> _What to produce_:
Output the entries exactly. Start at the first line, finish with the line containing "A contemporary bronzed", and omit the pictures.

+===+

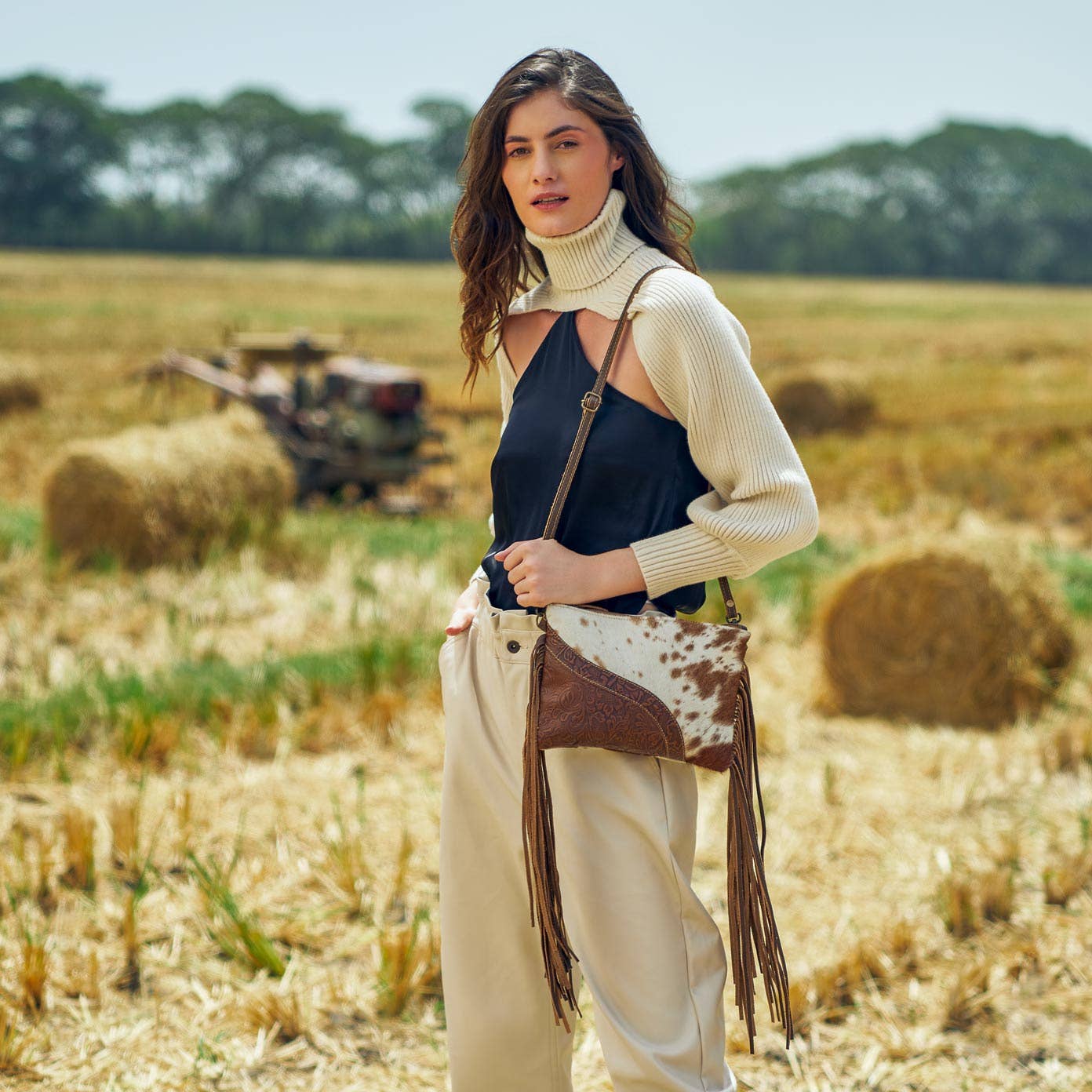 Woman standing in a field with hay bales, holding a cowhide bag.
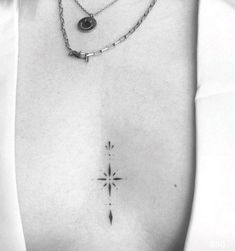 a black and white photo of a woman's chest with a cross tattoo on it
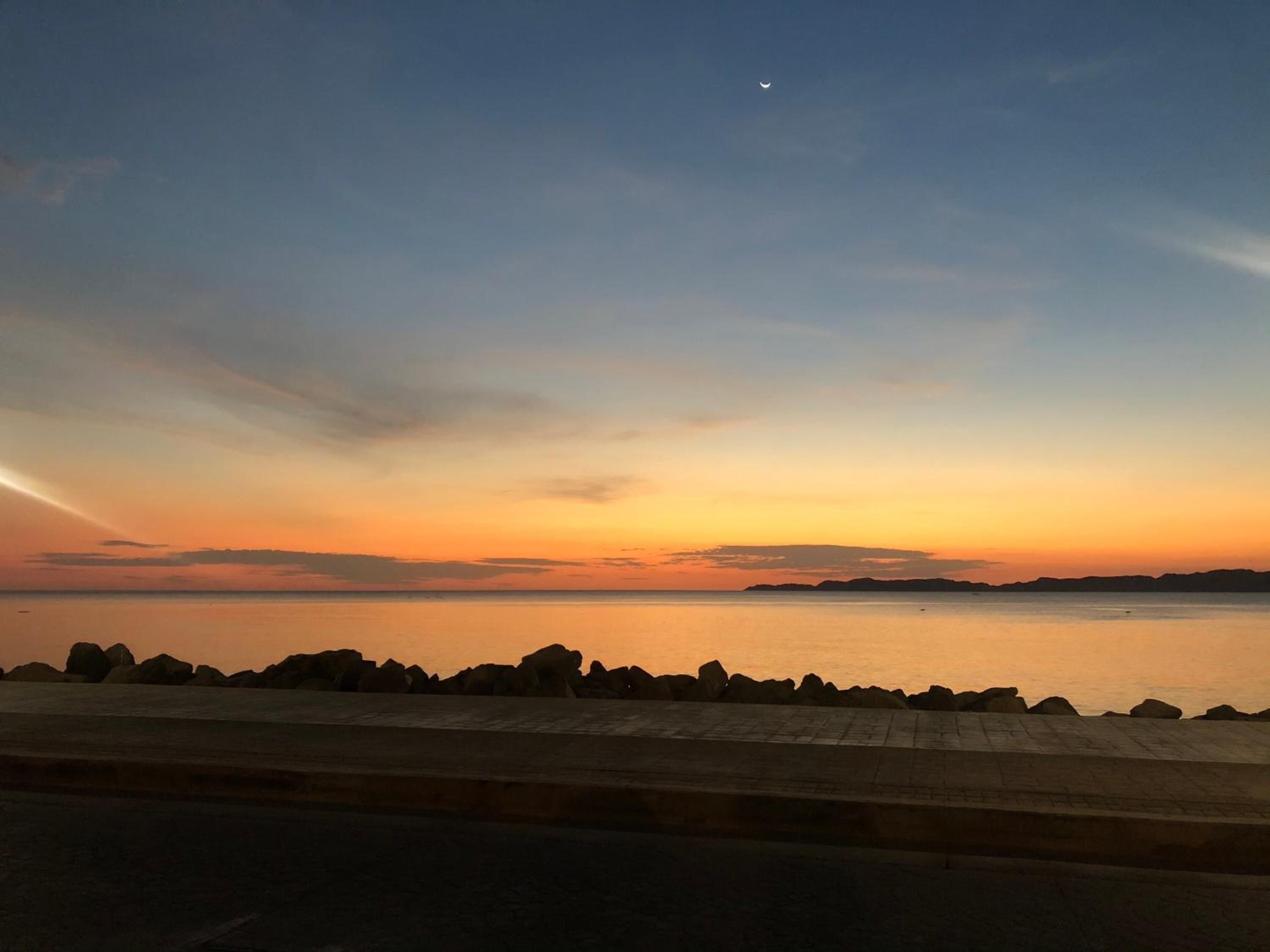 Un coucher de soleil sur une mer calme, avec une côte rocheuse et une terre lointaine à l’horizon.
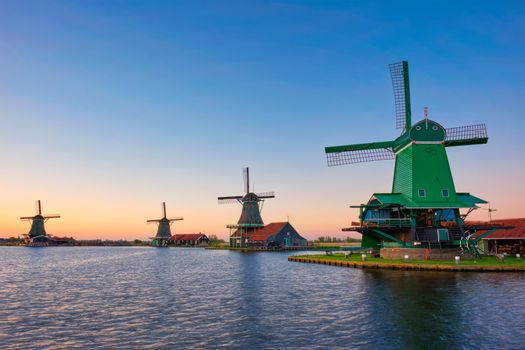 Netherlands rural lanscape - windmills at famous tourist site Zaanse Schans in Holland. Zaandam, Netherlands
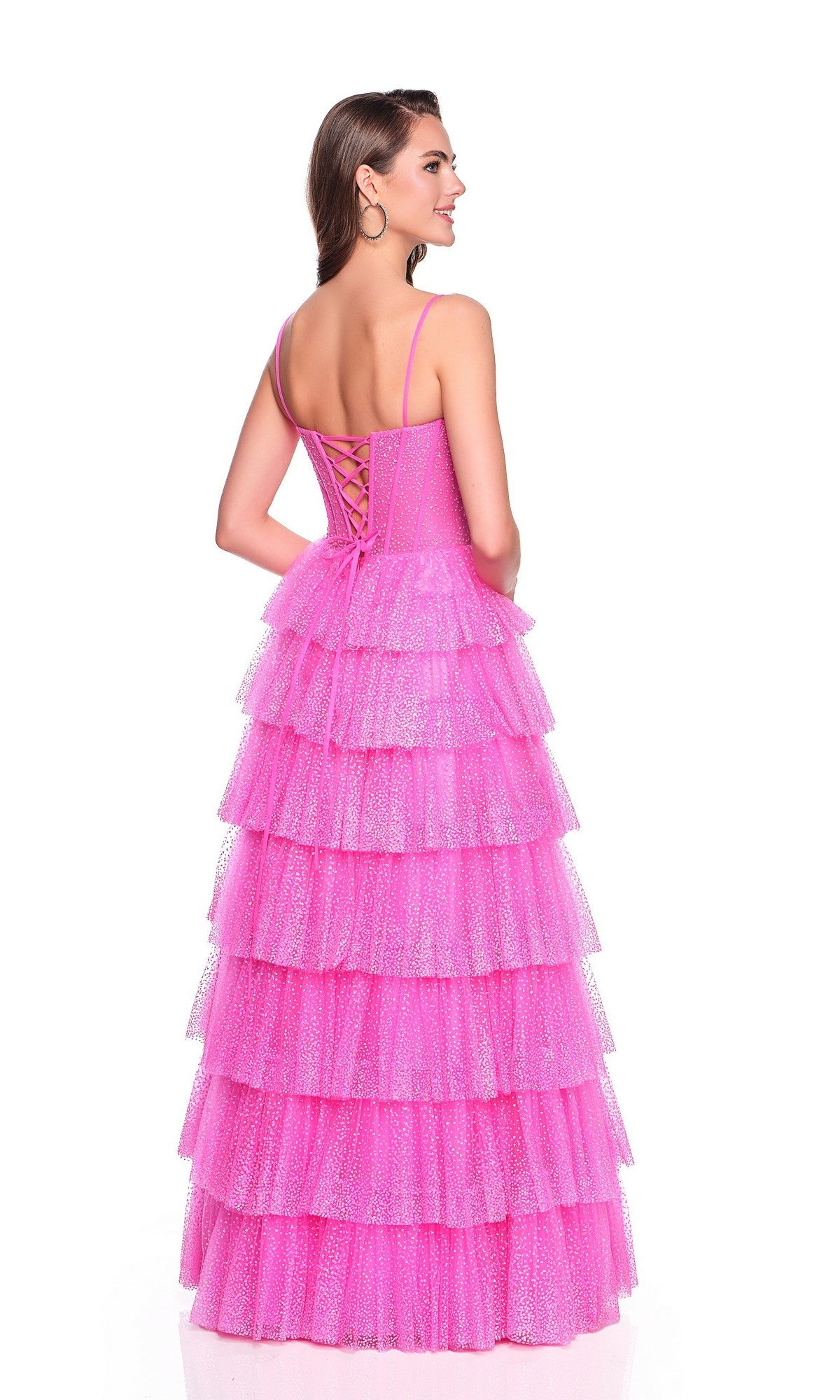 Woman wearing the Long Prom Dress: Dave and Johnny 12397, a sleeveless fuchsia pink gown with a tiered ruffle glitter tulle skirt and lace-up corset bodice, standing and smiling against a white background.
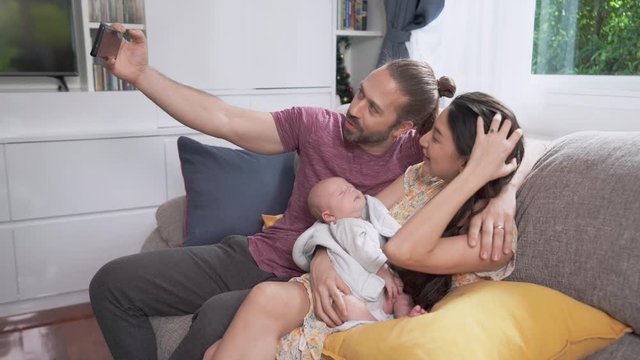 Smiling Caucasian Man using smartphone taking home video of his wife and sleeping newborn baby son. Father kissing mother and cute infant child boy with love. Happy Family and baby healthcare concept.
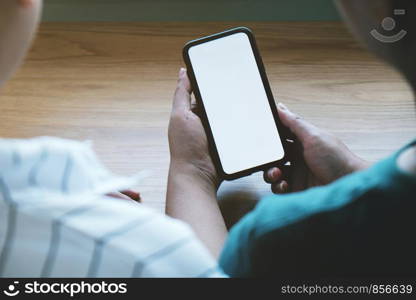 Friends watching social media in a smart phone. social network concept with smart phone. white screen for mockup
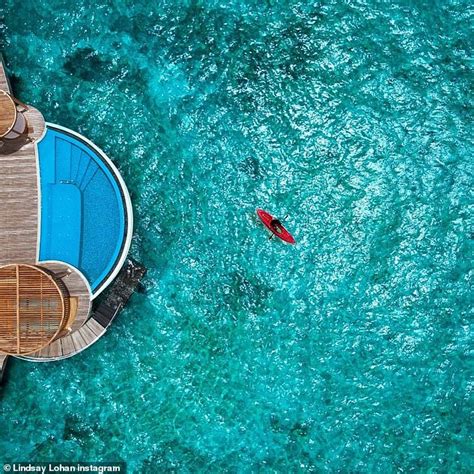 Lindsay Lohan wears plunging red swimsuit in Maldives 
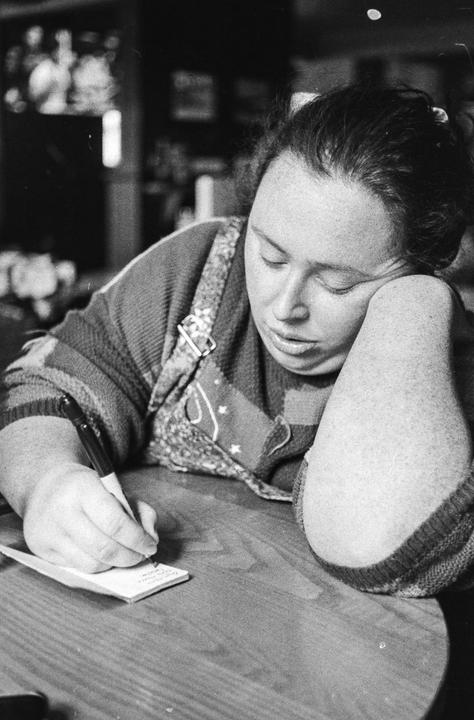 A woman with her eyes closed is leaning on her arm and writing on a small piece of paper at a wooden table.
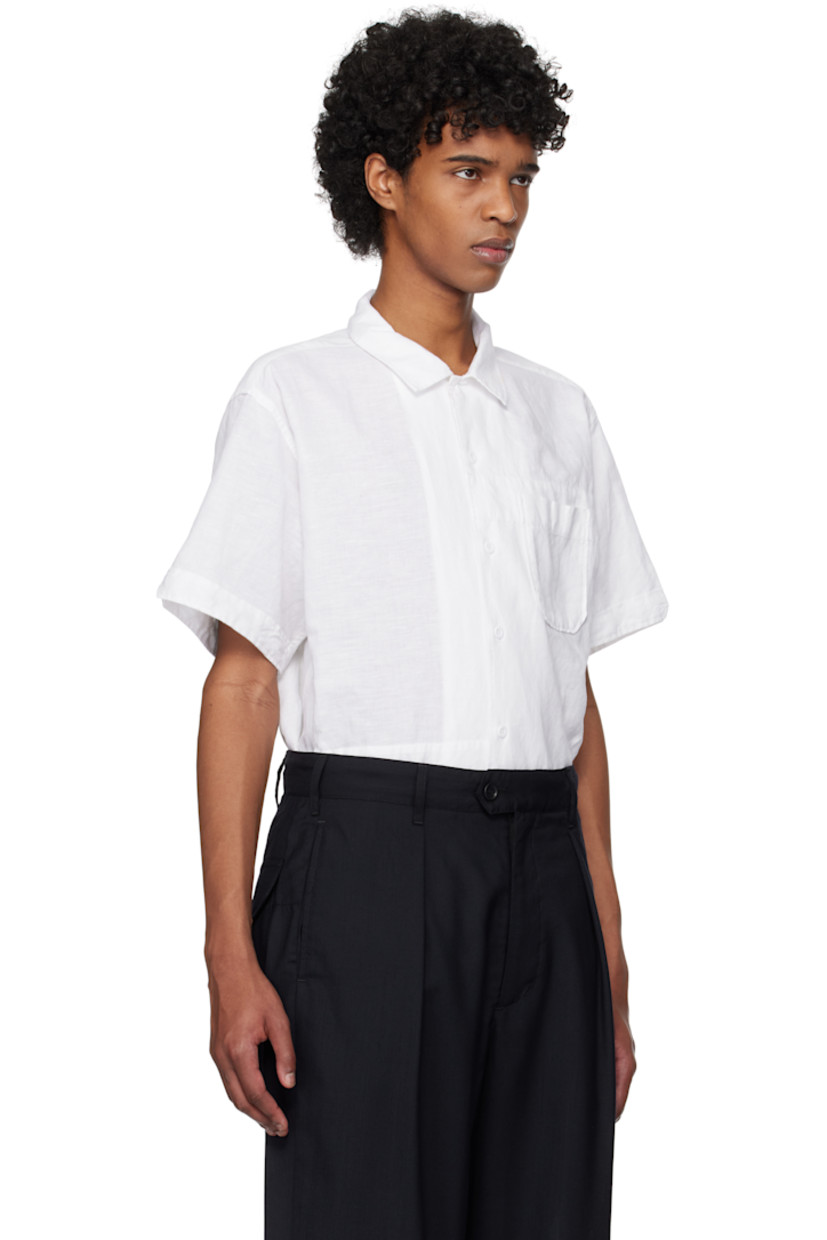 Linen- and cotton-blend muslin shirt.

· Spread collar
· Button closure
· Patch pocket
· Vented side seams
· Twin pleats at back yoke

Supplier color: White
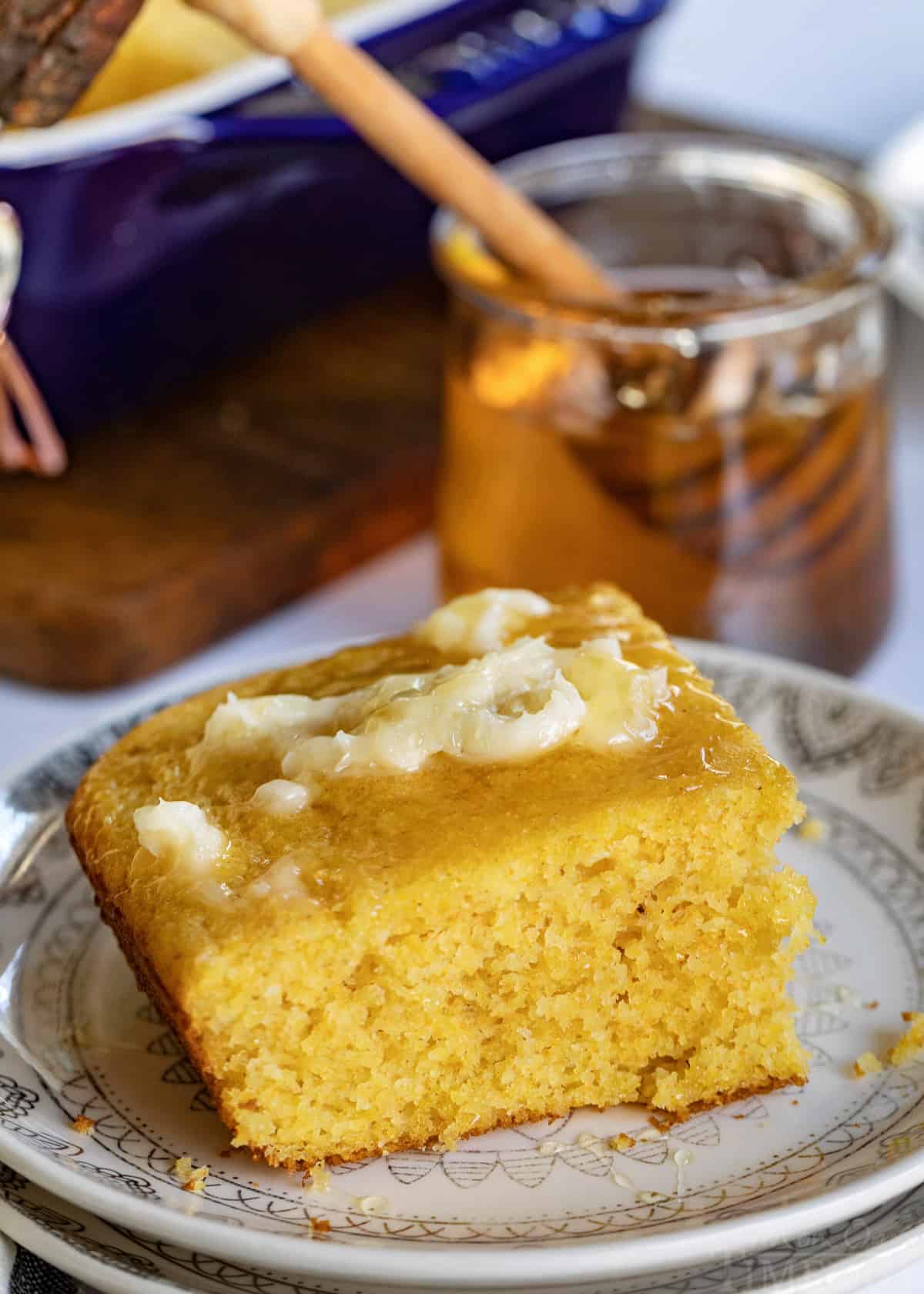 cornbread recipe piece on plate with honey butter and jar of honey in the background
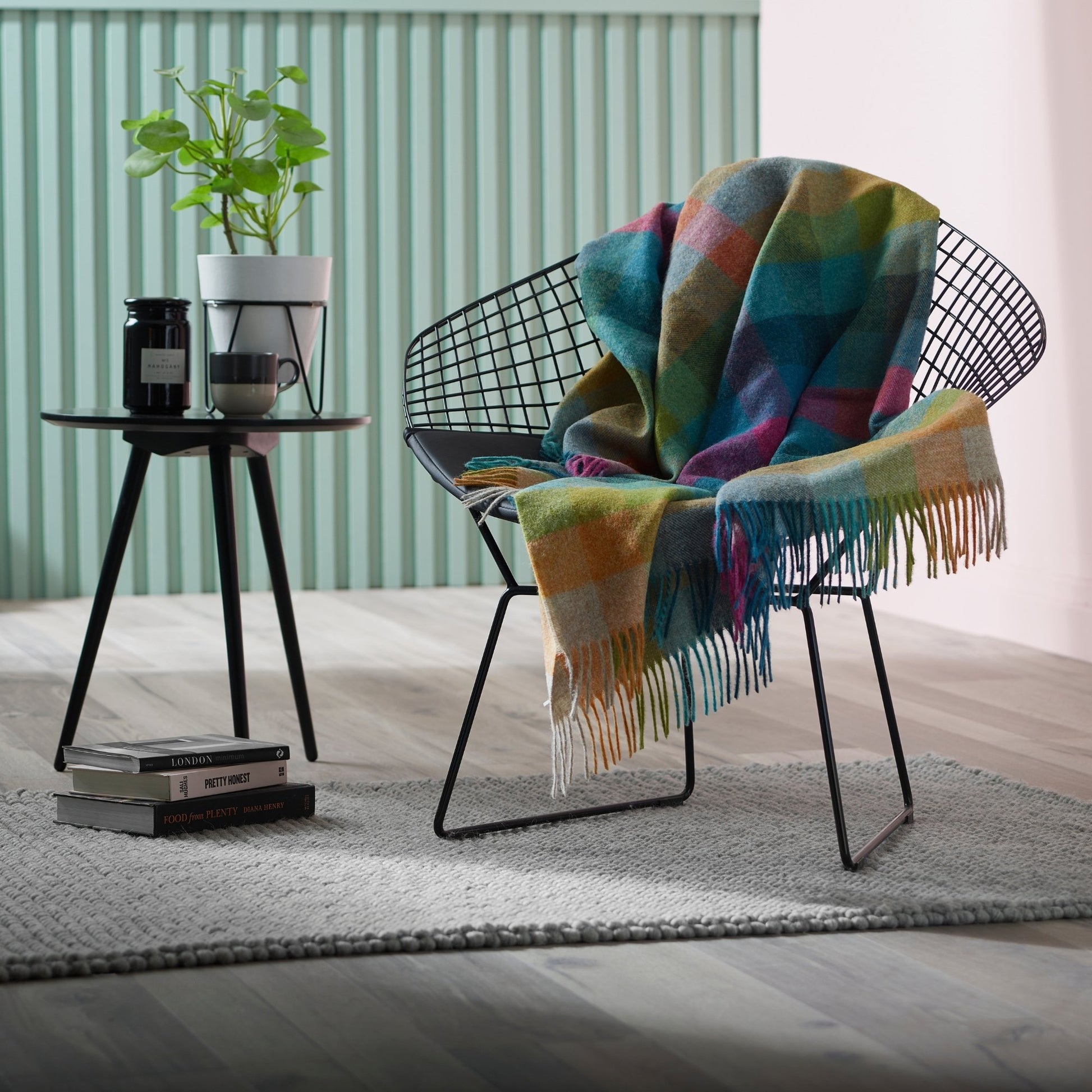 The Harlequin Shetland Throw in color Tutti Fruitti is a bright mix rainbow colors, draped in a chair with fringe.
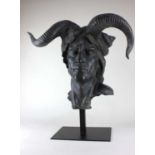 A contemporary bronzed sculpture modelled as a Demon mask, raised on a metal stand, overall combined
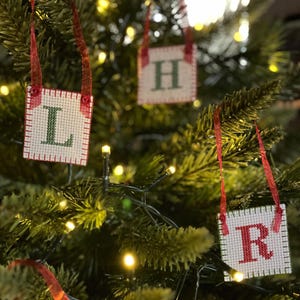 May include: Christmas tree ornaments with the letters "L", "H", "R", and "B" stitched on a square, off-white background. Each ornament has a red ribbon for hanging. The letters are green and the edges are red.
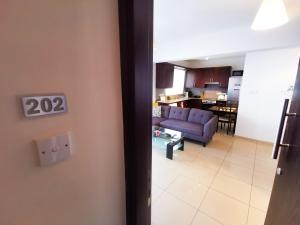 Posezení v ubytování Promenade Breeze City Apartment + 4 fotografie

+===+

> _Response to the exercise_:
 Woman standing in a field with hay bales, holding a cowhide bag.
 a black and white photo of a woman's chest with a cross tattoo on it
 Un coucher de soleil sur une mer calme, avec une côte rocheuse et une terre lointaine à l’horizon.
 Netherlands rural lanscape - windmills at famous tourist site Zaanse Schans in Holland. Zaandam, Netherlands
 Woman wearing the Long Prom Dress: Dave and Johnny 12397, a sleeveless fuchsia pink gown with a tiered ruffle glitter tulle skirt and lace-up corset bodice, standing and smiling against a white background.
 Smiling Caucasian Man using smartphone taking home video of his wife and sleeping newborn baby son. Father kissing mother and cute infant child boy with love. Happy Family and baby healthcare concept.
 Friends watching social media in a smart phone. social network concept with smart phone. white screen for mockup
 Lindsay Lohan wears plunging red swimsuit in Maldives 
 A woman with her eyes closed is leaning on her arm and writing on a small piece of paper at a wooden table.
 Linen- and cotton-blend muslin shirt.

· Spread collar
· Button closure
· Patch pocket
· Vented side seams
· Twin pleats at back yoke

Supplier color: White
 cornbread recipe piece on plate with honey butter and jar of honey in the background
 The Harlequin Shetland Throw in color Tutti Fruitti is a bright mix rainbow colors, draped in a chair with fringe.
 A contemporary bronzed sculpture modelled as a Demon mask, raised on a metal stand, overall combined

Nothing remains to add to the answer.